Chroniques

par david verdier

Oscar Strasnoy, dernier episode
L’Instant, opéra (version de concert)

Présences / Théâtre du Châtelet, Paris
- 22 janvier 2012
l'écrivain italien Italo Calvino
© dr

Créé à l'issue de la Grande Guerre, Ragtime de Stravinsky apparaît comme une des premières tentatives d'introduire le jazz comme élément structurant d'une forme classique. Ce divertissement sans prétention, écrit pour instruments à vent, cordes, percussions et cymbalum, se nourrit de sa propre jubilation à transgresser les limites strictement métronomiques. La conduite faussement dilettante d'Oscar Strasnoy trouve chez les musiciens de l’Orchestre Philharmonique de Radio France des interprètes plutôt inspirés et prenant plaisir à faire sonner cette musique en toute décontraction.

Dans la même veine, le choix des deux Suites pour petit orchestre ajoute à l'univers personnel de Strasnoy une touche de légèreté et d'entertainment jamais vulgaire et toujours à-propos. Commande d'un music-hall parisien, la deuxième Suite est un assemblage orchestré de pièces pour piano à quatre mains ainsi que des pièces que Stravinsky composa pour ses enfants. Les dédicataires des trois premiers morceaux ne sont rien moins qu'Alfredo Casella (Marche), Erik Satie (Valse) et Serge Diaghilev (Polka). Ce burlesque en trompe-l'œil sonne sans affèterie, d'un motorisme bigarré et tonique.

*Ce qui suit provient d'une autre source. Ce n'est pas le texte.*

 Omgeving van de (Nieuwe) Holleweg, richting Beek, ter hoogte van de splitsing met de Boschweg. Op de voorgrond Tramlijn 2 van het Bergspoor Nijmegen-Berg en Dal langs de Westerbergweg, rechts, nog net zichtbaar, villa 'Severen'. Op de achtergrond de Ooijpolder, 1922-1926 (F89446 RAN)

Dans Usages du monde, Strasnoy s'amuse du côté enfantin de la Maîtrise de Radio France. Derrière la joliesse de certains effets, on devine un univers naïf perdu entre Francis Poulenc et Jacques Tati. Une subtile chorégraphie permet de faire apparaître des objets aussi insolites qu'un poulet en caoutchouc et un immense couteau à volaille. La musique est sans prétention, parcourue de comptines faussement candides. L'argument trouve ses sources dans un manuel de savoir-vivre rédigé par une mystérieuse baronne Staffe. Dans la bouche des enfants ces leçons de morale résonnent d'un écho suranné comme autant de regards acides portés sur le monde des adultes.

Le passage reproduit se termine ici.